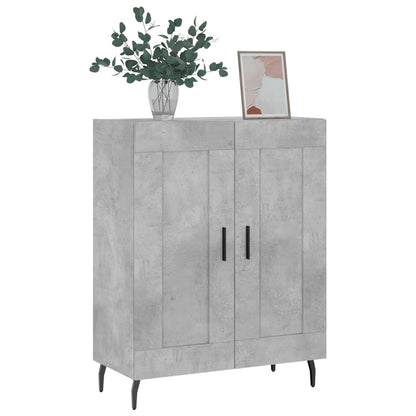 Sideboard Concrete Grey 69.5x34x90 cm Engineered Wood
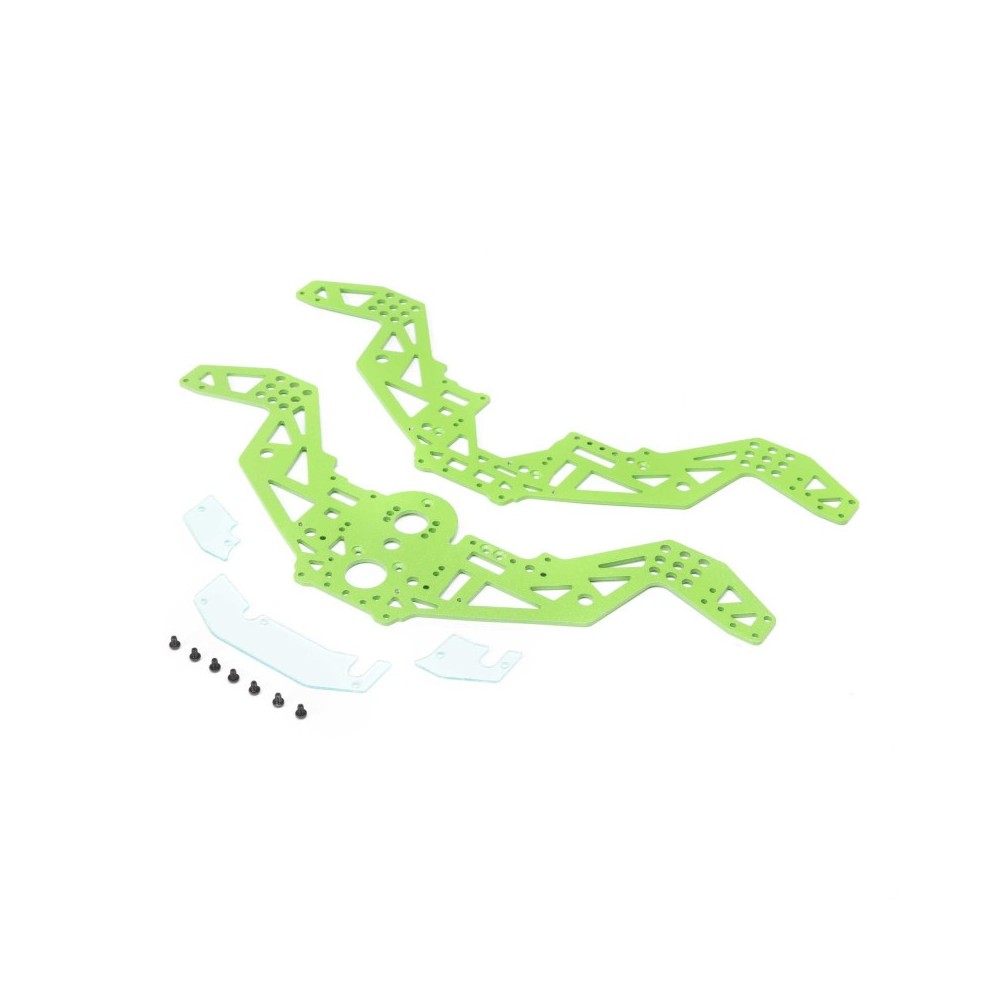 Juego de placas de chasis verdes Losi Mini LMT LOS211052 Juego de placas de chasis verdes Losi Mini LMT LOS211052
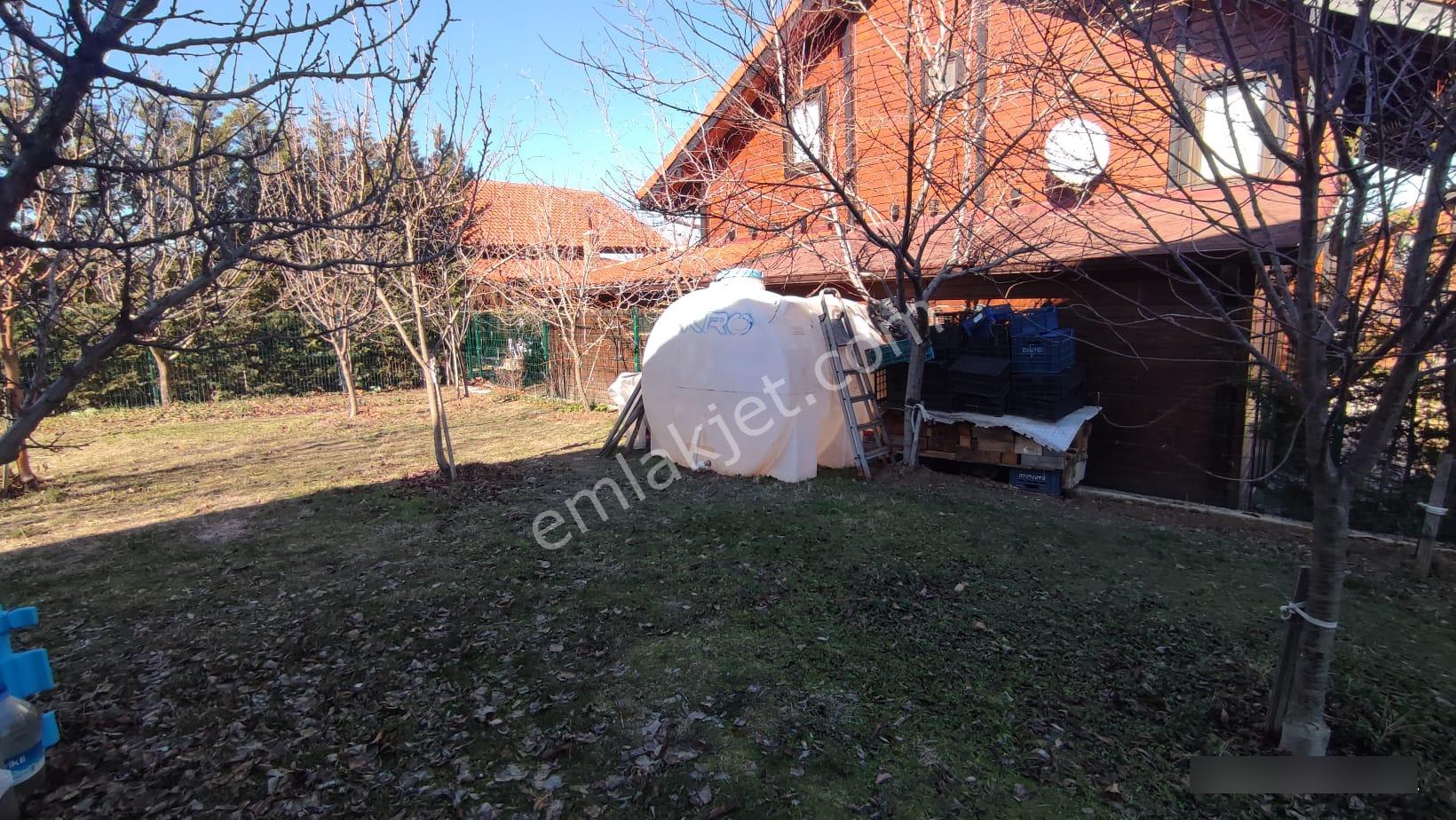 Temelli Olukpınar Botanikköy Satılık (eşyalı) 4+2 Ahşap Villa - Görsel 23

· · · · · · ·

Every line of the listing is to be repeated exactly, and the pictures are to be dropped.

 Sideboard Concrete Grey 69.5x34x90 cm Engineered Wood
 Juego de placas de chasis verdes Losi Mini LMT LOS211052 Juego de placas de chasis verdes Losi Mini LMT LOS211052
 Temelli Olukpınar Botanikköy Satılık (eşyalı) 4+2 Ahşap Villa - Görsel 23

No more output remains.